- Born: Mecca, Hejaz
- Died: Byzantium
- Occupations: Poet, Hanif, Interpreter
- Writing career
- Language: Arabic

= Uthman ibn al-Huwayrith =

Converted Christian

ʿUthmān ibn al-Ḥuwayrith (عثمان بن الحويرث) was an Arab of the Quraysh who was one of the four major hanifs (followers of the Abrahamic tradition) during the time of the Islamic prophet Muhammad, and converted to Christianity. He represents one of several cases of the spread of Christianity in pre-Islamic Arabia, and the Hejaz in particular, in Islamic tradition.

After revolting against idol worship in Mecca in favor of monotheism during the late 6th century, he sought assistance from the Byzantine Empire in 590 in a ploy to install himself as king of Mecca. While in Byzantium, he converted to Christianity. He is also known for having compiled poetic works.

==Biography==
Uthman was born into the clan of Asad ibn Abd-al-Uzza who belonged to the Quraysh tribe of Mecca. He converted to monotheism while he was young – during a religious feast held by the Quraysh in celebration of their sacrifices made to the idol, Uthman and three of his relatives entered into a secret oath in which they agreed to renounce idol worship in favor of the Abrahamic religions. They based their decision on the belief that idol worship had no textual or spiritual basis.
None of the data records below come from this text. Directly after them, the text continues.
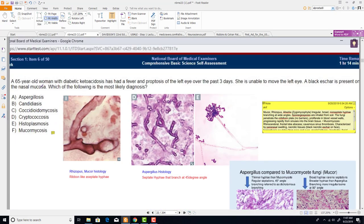Final question presented: a 65-year-old woman with diabetic ketoacidosis has had fever and proptosis of the left eye over the past three days. She is unable to move the left eye. A black eschar is present on the nasal mucosa. The most likely diagnosis here relates to the clinical picture of DKA with orbital involvement and a black eschar — pointing toward mucormycosis (rhinoorbital mucormycosis).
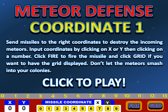Hi, this is Tommy Hall with mathnook.com. I'm here to give a quick overview on how to play Meteor Defense Coordinate 1 game.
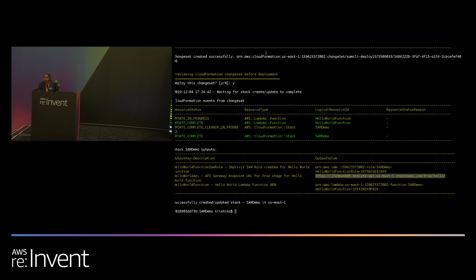What is the editor you use for the debugging? Is it like Cloud9 or? Oh, sorry. So we have an AWS toolkit for VS Code and that supports the debugging functionality.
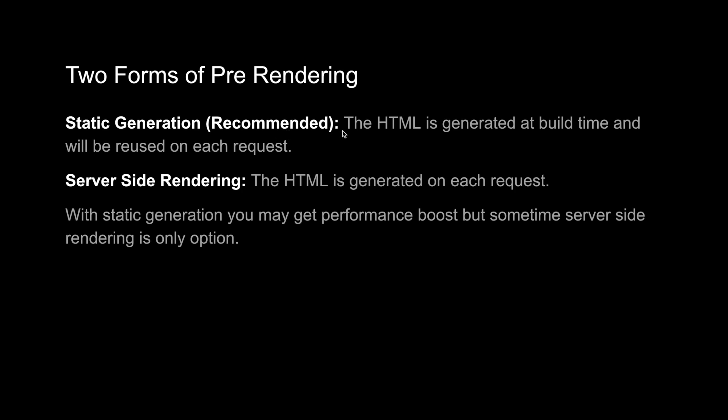But we cannot achieve everything with this recommended approach because there are sometimes, like when you are in a user profile, everyone's profile is different. We cannot have a static page for a user. I want to see my profile, you want to see your profile, and other users want to see their profile instead of a static page. So there we cannot use static generation, we have to use server-side rendering.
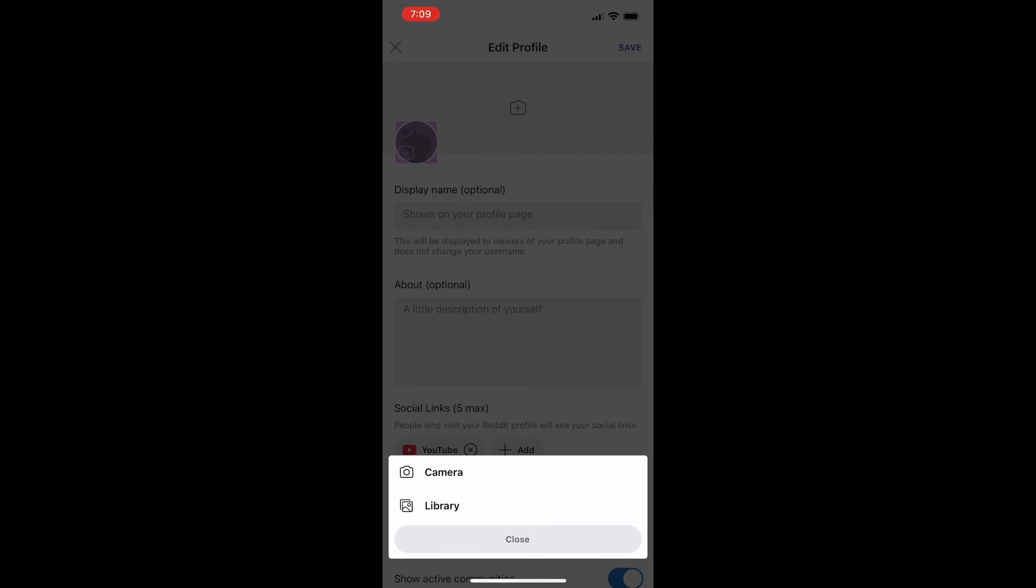And there you go, that's a super simple way to change your profile picture on Reddit. If you were confused or have any questions on how this worked, be sure to leave a comment down below and I'll get back to you as soon as possible. Otherwise, if you found this helpful today, like and subscribe and thanks for watching!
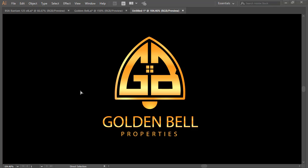Hi everyone, today we are going to make a new tutorial in logo designing, and that is for Golden Bell Properties. That is one of the best concepts where we are going to design step by step, making everything like color, concept, fonts, and how we are going to make all these things. Let's get started.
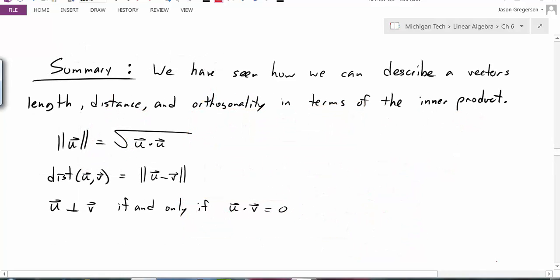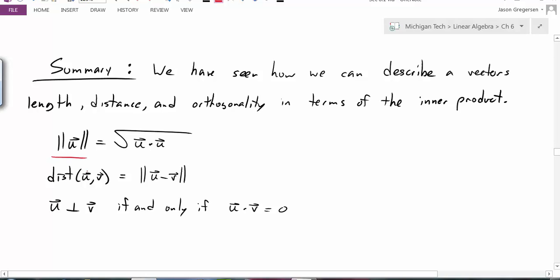To summarize, we have seen how we can describe a vector's length, its distance, and its orthogonality in terms of the inner product — in this case the dot product. We have the length of a vector in terms of the dot product, the distance between two vectors as the length of u minus v, and we can tell if two vectors are perpendicular if and only if their dot product equals 0. That concludes this video. Thank you.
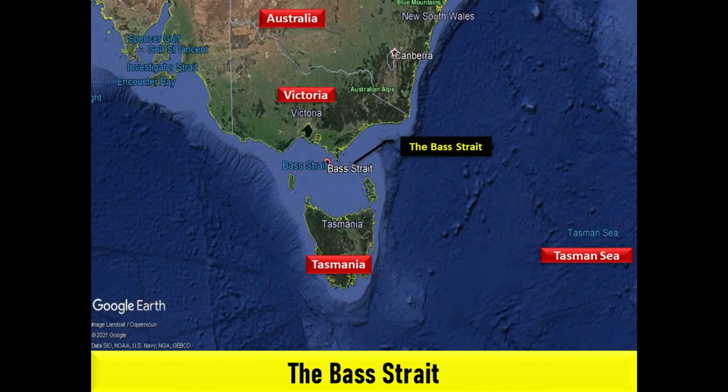The Bass Strait is a sea strait separating Tasmania from the Australian mainland, specifically the state of Victoria. Formed 8,000 years ago by rising sea levels, the Bass Strait was named after explorer and physician George Bass. Some authorities consider the strait to be part of the Pacific Ocean, while in the currently in-force IHO 1953 draft it is listed as part of the Indian Ocean. The strait between the Furneaux Islands and Tasmania is Banks Strait, a subdivision of Bass Strait.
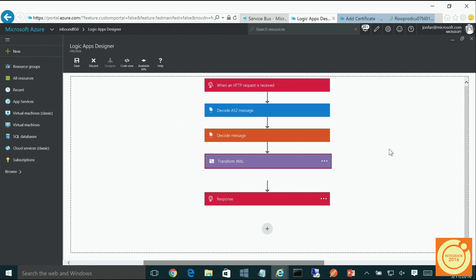Quick poll: How many people do EDI processing today? About half — that's great.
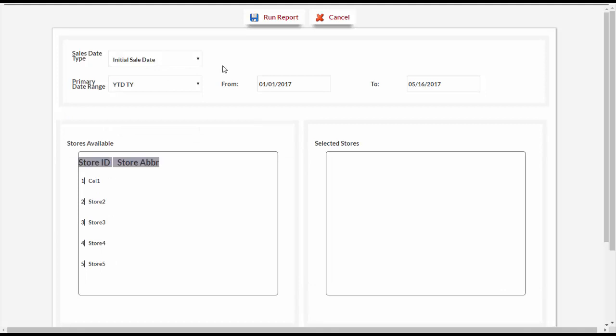The top of the Setup screen has fields for date information. Select the Sales Date type from the drop-down and then fill in the date range you want to use for sales. You can select from several options using the Primary Date Range drop-down, or fill in specific dates in the From and To boxes.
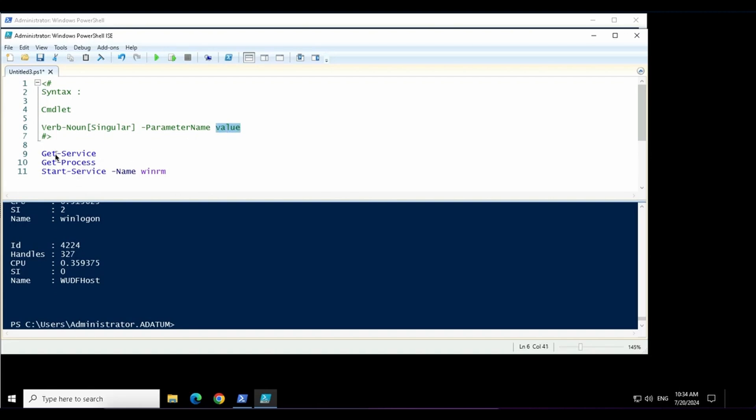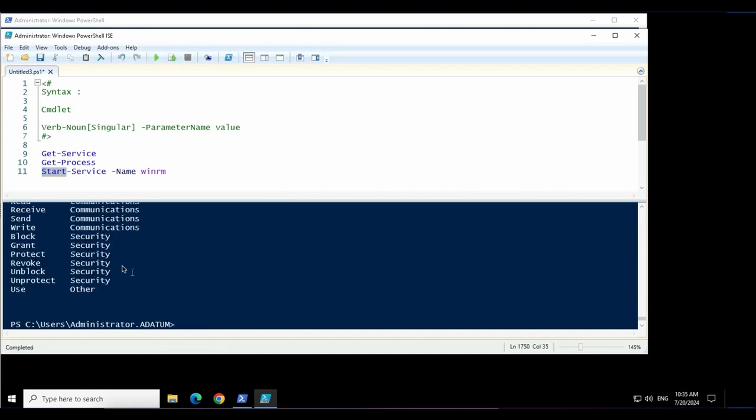If you notice the commands below, they are using the same pattern. The first keyword is the verb, which is an action to either retrieve something or to start, stop or suspend. There are lots of verbs in PowerShell. There is a command get-verb that we can use and we can see these verbs over here.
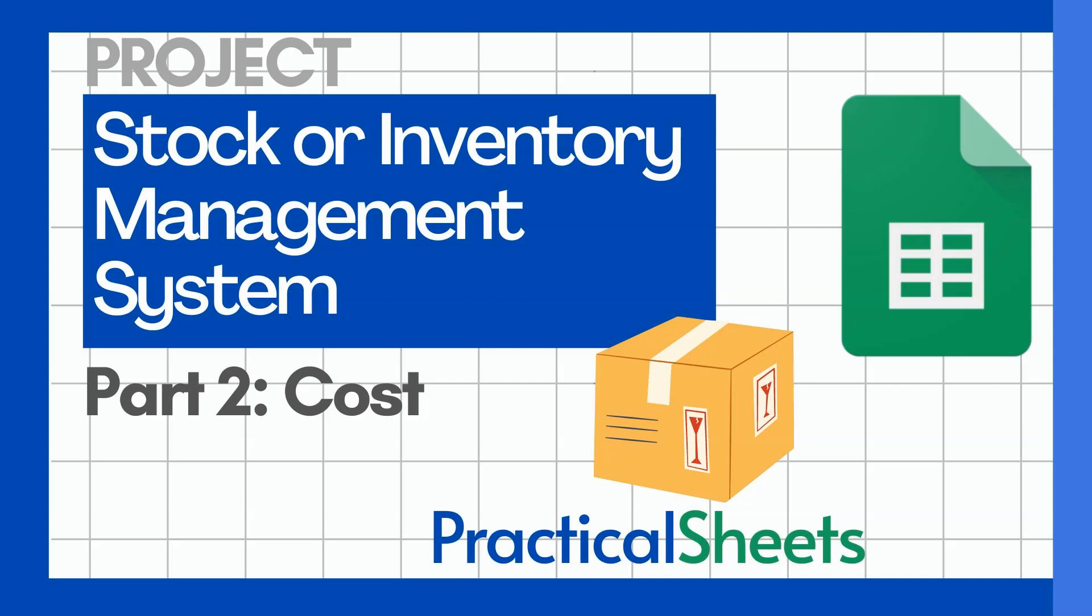Hello and welcome to a new video in practical sheets. Today we continue our series in stock management or inventory management.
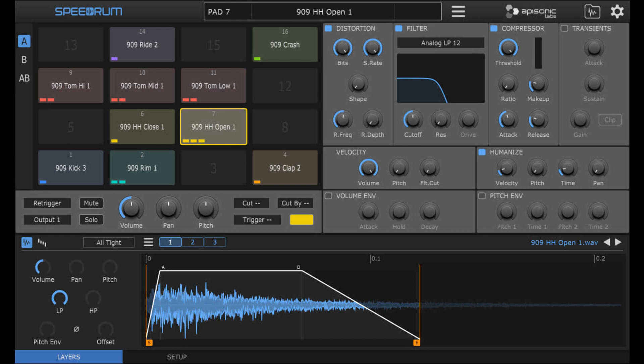Improved: moving and adding layers. Fixed: GUI colors when multiple instances of a plugin were loaded.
In 590, he sought intervention from the Byzantine Empire in an attempt to have himself installed as king of Mecca and to bring its inhabitants under the Abrahamic religions. After arriving in Byzantium, he met with a high-ranking government official known as Caesar. In his plea to Caesar, he attempted to convince him that, with Byzantine support, he would help suppress the advance of the Sasanian Empire, with whom the Byzantines were at war. Caesar accepted his request, and bestowed upon him the title of al-Bitriq, an Arabic designation which is reserved for those with military prowess. Uthman also converted to Christianity while in Casear's court.

Uthman also addressed the people of Mecca, stating that under his kingship, the merchant class would flourish as they would be able to secure trade routes to areas under Byzantine control. Although his plan was initially met with success, the ascension came to a dramatic halt after the Meccans suddenly decided to reject his proposition.

It is unknown whether he heard Muhammad's message. It was said that he left the area most likely before the birth of Muhammad. This is because he left around the time Waraqah was in his 20s (Waraqah was 80 when the Prophet was about 40). He traveled to Rome and eventually became an interpreter. It is mentioned that because of this he eventually accepted Christianity, and held a substantial position amongst the society in Rome.

==9th century historiography==
Muhammad ibn Habib, a 9th-century Muslim historian, lists Uthman as one of the only two practicing Christians in Mecca during the lifetime of Muhammad. Another 9th-century historian, Ya'qubi, compiled a list to the same effect several years later. Uthman's son was a polytheist who joined the Quraysh tribe in their campaign against the Muslims in the Battle of Badr in 624.